Your objective –
Starting at the line that contains "Donovan Mitchell #11", transcribe each line through the end of the material below, exactly and nothing else, leaving out the pictures.

Dataset excerpt –
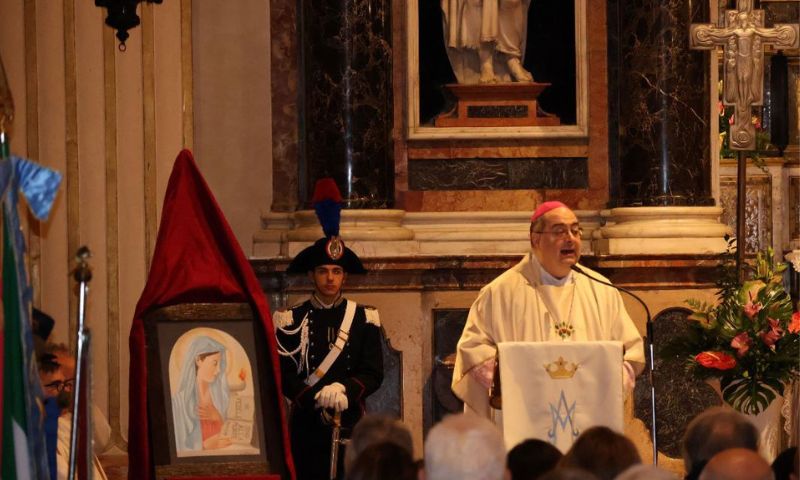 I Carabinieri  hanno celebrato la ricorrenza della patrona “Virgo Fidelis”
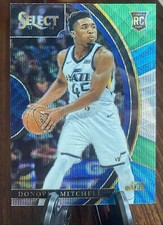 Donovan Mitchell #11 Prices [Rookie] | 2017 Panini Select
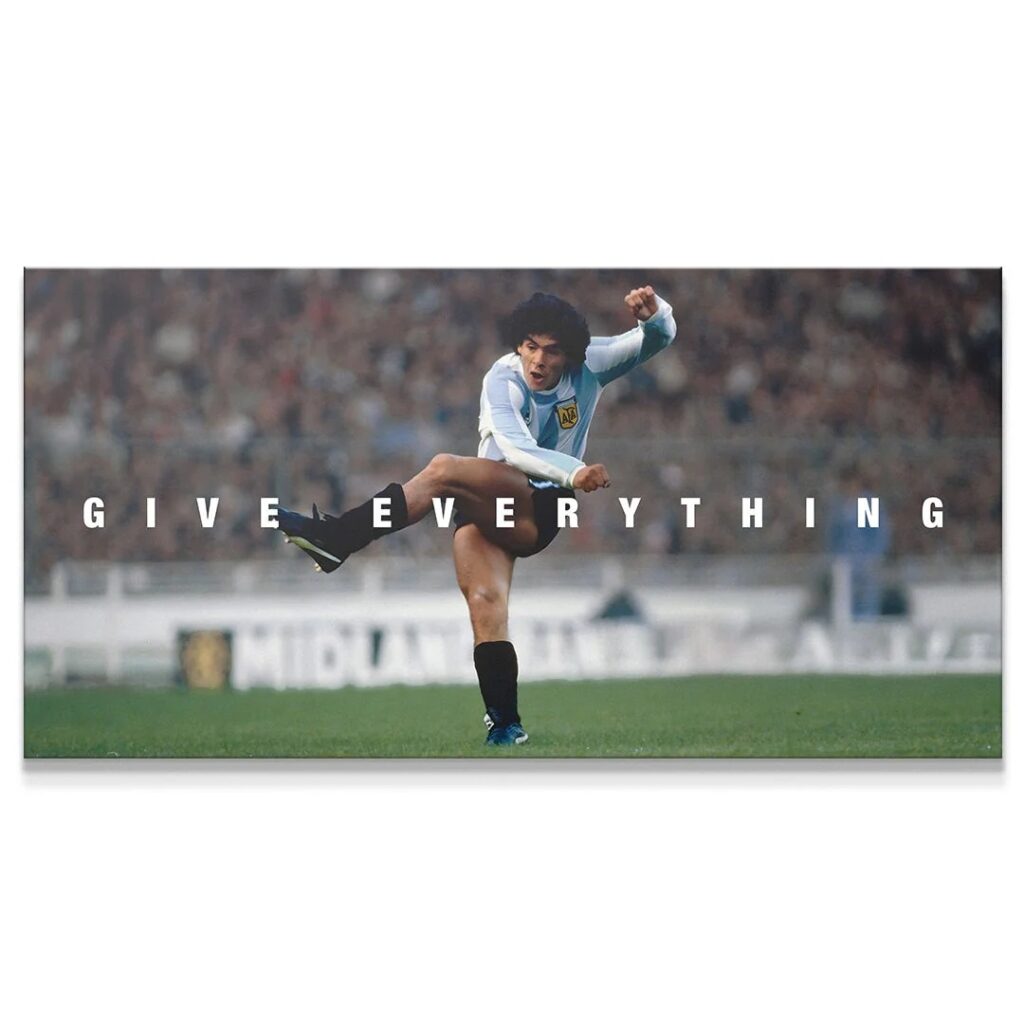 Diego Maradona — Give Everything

Exercise response –
 Donovan Mitchell #11 Prices [Rookie] | 2017 Panini Select
 Diego Maradona — Give Everything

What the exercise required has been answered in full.